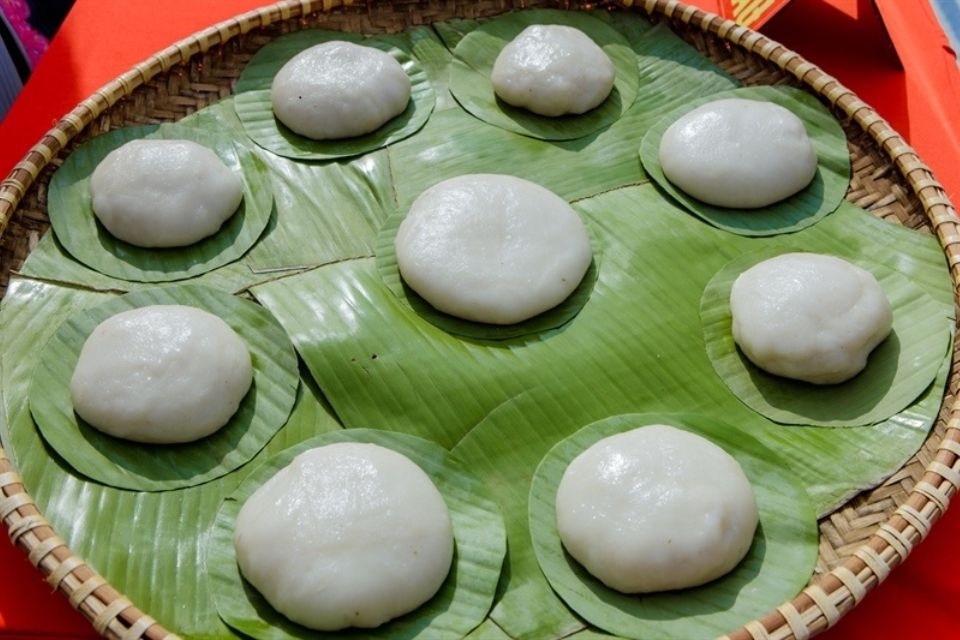 nguồn gốc bánh chưng (ảnh 3)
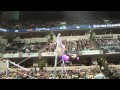 Shilese Jones – Uneven Bars – 2015 P&G Championships – Jr. Women Day 2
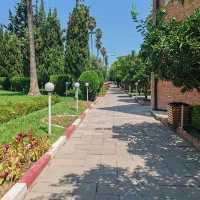 خانه دربست اجاره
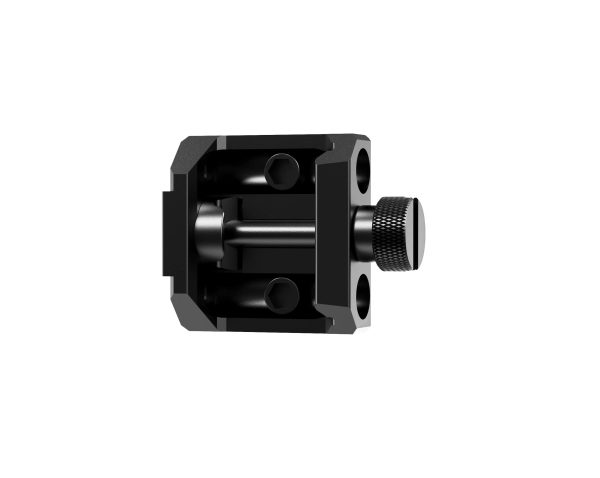 RL650G - Image 5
-=-=-
> [Task statement]
Keeping every word as it is, write out all the data and omit the pictures.

> [Answer box]
 nguồn gốc bánh chưng (ảnh 3)
 Shilese Jones – Uneven Bars – 2015 P&G Championships – Jr. Women Day 2
 خانه دربست اجاره
 RL650G - Image 5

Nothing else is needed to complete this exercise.